A word-for-word copy of the lines below, starting at the line with "Emulate Android APK Idioms- Grammar" and ending at the last one, is what you should give. Omit every picture.

▶ DATA
○ ○ ○ ○ ○
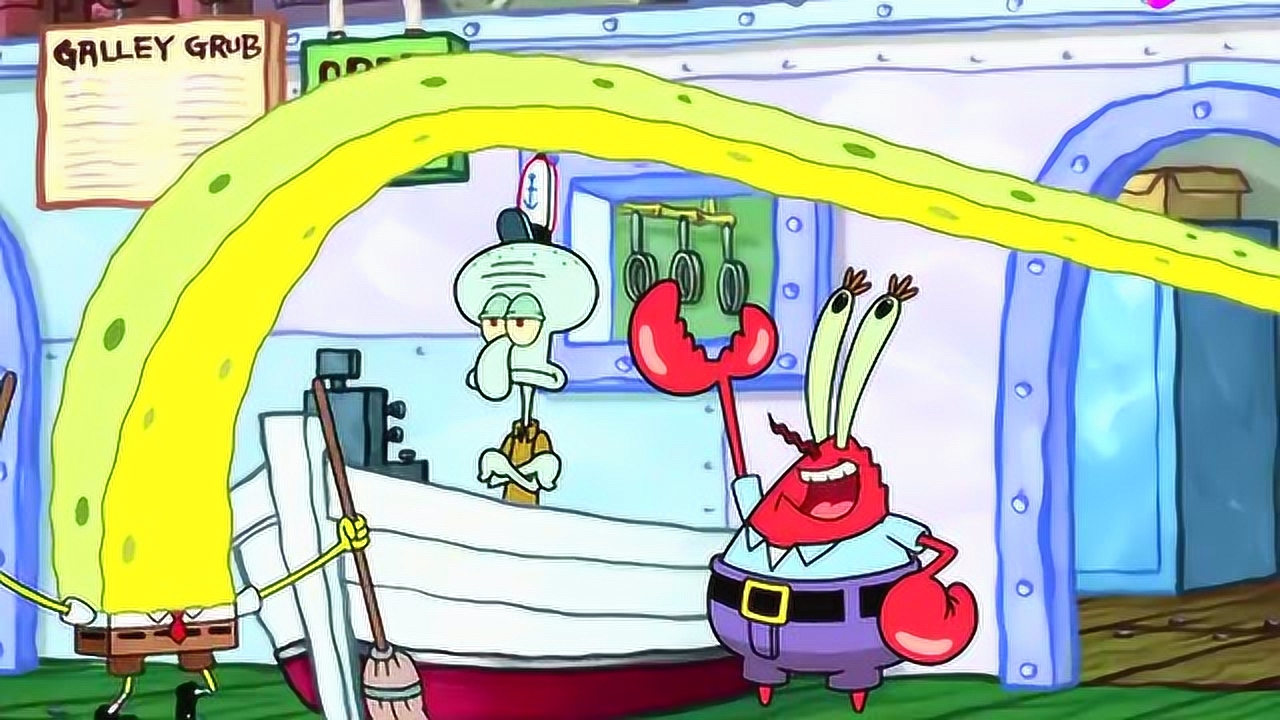 海绵宝宝真能干啊,一个人把活干完了,章鱼哥无所事事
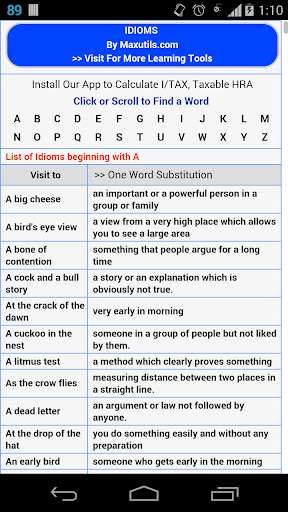 Emulate Android APK Idioms- Grammar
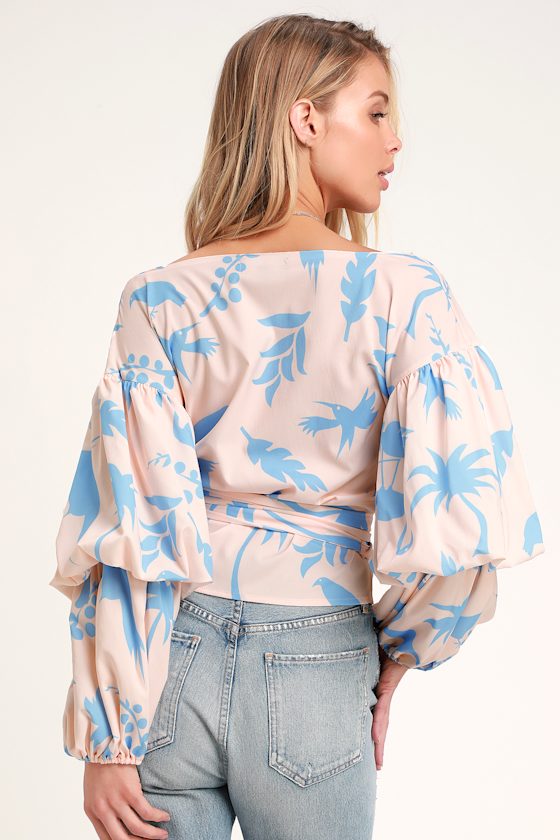 Pretty in Paradise Blush and Blue Print Puff Sleeve Wrap Top 2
○ ○ ○ ○ ○
▶ ANSWER TO THIS EXERCISE
 Emulate Android APK Idioms- Grammar
 Pretty in Paradise Blush and Blue Print Puff Sleeve Wrap Top 2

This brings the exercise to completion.